* TASK TO COMPLETE: What you give must be exactly the lines of the material from the first through the line that contains "MTN 94 Fluorescent Green Spray Paint 400ml", inclusive, and no others.

====

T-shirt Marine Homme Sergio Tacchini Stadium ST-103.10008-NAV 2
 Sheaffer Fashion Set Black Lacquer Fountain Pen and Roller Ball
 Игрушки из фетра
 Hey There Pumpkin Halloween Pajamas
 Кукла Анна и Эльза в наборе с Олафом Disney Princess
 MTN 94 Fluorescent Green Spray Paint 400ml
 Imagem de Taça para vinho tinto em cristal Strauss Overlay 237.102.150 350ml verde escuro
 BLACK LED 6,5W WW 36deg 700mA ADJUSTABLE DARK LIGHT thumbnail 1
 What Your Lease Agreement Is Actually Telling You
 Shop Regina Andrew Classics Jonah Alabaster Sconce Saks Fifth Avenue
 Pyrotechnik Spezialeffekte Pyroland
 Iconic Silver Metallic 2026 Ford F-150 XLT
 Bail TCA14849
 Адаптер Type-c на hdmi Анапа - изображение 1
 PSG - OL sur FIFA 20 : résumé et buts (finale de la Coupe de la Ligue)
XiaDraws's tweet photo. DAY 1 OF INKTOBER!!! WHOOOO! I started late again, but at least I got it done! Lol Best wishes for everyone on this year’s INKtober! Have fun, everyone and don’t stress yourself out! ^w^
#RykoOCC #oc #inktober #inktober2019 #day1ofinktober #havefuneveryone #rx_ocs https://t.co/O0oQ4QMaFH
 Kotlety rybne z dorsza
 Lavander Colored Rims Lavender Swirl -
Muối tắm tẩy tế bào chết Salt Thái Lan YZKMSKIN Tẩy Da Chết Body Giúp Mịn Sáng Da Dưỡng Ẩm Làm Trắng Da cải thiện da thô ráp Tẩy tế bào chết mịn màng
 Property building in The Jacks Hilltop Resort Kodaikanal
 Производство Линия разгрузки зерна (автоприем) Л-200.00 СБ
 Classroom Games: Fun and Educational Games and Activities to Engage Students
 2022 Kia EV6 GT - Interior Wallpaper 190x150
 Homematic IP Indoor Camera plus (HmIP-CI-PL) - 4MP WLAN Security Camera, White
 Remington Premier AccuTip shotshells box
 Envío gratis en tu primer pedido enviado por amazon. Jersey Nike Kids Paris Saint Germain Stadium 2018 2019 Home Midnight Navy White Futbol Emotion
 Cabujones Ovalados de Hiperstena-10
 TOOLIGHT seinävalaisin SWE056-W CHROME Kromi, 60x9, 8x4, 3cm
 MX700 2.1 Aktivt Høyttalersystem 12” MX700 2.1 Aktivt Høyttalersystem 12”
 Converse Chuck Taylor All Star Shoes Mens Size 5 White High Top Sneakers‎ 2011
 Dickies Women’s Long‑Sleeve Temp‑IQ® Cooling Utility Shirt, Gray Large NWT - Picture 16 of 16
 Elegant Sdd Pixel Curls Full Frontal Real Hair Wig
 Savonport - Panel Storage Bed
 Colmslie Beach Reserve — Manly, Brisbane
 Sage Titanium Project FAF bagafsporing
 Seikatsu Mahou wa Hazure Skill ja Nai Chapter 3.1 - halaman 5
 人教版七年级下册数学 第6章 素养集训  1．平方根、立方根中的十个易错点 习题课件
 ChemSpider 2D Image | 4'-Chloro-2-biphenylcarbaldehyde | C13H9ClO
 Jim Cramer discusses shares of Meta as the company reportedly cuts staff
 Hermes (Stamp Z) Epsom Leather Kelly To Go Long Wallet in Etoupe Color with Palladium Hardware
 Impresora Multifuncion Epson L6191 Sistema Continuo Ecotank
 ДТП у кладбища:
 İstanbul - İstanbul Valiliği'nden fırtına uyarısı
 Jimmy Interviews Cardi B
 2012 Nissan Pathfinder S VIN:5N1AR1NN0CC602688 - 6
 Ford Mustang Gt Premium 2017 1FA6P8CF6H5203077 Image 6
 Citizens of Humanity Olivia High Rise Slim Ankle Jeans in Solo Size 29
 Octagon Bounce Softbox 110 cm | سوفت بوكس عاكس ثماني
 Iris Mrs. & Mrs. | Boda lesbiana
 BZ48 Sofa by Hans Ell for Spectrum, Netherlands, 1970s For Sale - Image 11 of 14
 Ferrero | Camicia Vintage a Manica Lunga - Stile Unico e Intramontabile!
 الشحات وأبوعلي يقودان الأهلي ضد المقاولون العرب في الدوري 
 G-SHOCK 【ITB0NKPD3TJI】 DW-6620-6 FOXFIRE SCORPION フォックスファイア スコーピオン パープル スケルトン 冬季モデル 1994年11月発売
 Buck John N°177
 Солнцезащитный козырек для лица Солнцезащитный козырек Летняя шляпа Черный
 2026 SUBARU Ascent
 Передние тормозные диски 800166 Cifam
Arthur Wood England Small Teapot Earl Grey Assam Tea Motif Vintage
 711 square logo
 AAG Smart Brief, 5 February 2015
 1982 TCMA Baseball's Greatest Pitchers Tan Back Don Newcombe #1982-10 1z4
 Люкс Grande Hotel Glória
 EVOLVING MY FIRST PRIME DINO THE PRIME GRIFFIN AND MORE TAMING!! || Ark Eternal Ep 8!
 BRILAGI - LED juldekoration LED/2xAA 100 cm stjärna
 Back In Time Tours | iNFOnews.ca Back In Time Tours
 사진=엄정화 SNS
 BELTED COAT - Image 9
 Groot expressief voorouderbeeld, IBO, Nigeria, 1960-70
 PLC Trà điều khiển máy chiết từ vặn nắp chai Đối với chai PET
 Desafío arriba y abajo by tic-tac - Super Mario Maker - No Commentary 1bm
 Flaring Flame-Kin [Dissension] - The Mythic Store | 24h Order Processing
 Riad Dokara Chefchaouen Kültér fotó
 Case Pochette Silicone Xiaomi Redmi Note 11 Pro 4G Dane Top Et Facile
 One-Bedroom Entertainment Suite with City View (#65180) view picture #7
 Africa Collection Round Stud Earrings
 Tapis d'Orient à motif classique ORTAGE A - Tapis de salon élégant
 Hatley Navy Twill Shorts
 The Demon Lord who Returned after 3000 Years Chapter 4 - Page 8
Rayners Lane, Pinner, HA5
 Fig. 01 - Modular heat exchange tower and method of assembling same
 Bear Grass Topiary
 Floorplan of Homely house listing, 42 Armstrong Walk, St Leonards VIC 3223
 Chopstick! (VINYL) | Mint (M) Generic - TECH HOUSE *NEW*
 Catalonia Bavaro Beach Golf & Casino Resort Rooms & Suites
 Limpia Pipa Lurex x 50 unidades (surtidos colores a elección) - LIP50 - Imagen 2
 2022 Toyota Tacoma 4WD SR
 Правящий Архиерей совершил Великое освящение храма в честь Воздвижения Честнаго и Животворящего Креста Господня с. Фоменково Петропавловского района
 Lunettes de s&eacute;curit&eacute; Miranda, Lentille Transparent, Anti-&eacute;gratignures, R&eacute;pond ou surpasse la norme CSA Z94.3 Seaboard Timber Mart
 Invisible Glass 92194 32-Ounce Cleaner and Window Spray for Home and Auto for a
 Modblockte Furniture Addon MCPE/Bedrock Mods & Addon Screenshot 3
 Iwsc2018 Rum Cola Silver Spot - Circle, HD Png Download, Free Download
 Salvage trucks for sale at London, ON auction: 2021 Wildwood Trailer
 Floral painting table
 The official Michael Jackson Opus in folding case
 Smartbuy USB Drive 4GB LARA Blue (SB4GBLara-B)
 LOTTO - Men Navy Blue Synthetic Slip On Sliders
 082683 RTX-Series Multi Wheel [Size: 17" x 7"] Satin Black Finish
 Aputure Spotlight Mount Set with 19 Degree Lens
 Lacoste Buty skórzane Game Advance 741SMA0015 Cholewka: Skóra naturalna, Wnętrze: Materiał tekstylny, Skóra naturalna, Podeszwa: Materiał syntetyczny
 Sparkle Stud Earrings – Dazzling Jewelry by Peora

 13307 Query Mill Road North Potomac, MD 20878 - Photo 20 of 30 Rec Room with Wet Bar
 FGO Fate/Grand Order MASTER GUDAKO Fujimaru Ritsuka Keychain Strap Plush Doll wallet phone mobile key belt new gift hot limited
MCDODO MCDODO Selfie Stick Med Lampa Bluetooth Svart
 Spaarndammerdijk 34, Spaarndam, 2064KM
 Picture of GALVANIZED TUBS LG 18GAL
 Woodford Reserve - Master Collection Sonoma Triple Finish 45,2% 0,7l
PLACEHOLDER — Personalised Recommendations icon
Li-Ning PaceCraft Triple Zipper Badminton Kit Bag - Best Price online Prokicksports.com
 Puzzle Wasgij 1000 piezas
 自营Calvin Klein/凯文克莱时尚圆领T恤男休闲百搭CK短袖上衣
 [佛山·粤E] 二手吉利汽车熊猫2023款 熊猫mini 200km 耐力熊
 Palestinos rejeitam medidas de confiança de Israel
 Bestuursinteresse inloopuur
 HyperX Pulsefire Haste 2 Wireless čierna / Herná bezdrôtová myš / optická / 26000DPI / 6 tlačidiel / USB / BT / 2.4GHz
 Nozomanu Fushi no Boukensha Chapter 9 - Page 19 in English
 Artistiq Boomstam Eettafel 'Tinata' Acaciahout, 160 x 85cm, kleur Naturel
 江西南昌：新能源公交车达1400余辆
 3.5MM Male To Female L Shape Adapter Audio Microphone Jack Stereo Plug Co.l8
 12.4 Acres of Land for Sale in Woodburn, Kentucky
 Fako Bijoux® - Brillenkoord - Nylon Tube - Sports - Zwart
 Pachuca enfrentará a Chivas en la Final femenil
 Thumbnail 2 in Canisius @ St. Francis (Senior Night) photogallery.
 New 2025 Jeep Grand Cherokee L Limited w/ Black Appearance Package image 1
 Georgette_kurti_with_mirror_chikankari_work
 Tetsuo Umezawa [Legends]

====

* ANSWER TO THIS PROBLEM:
T-shirt Marine Homme Sergio Tacchini Stadium ST-103.10008-NAV 2
 Sheaffer Fashion Set Black Lacquer Fountain Pen and Roller Ball
 Игрушки из фетра
 Hey There Pumpkin Halloween Pajamas
 Кукла Анна и Эльза в наборе с Олафом Disney Princess
 MTN 94 Fluorescent Green Spray Paint 400ml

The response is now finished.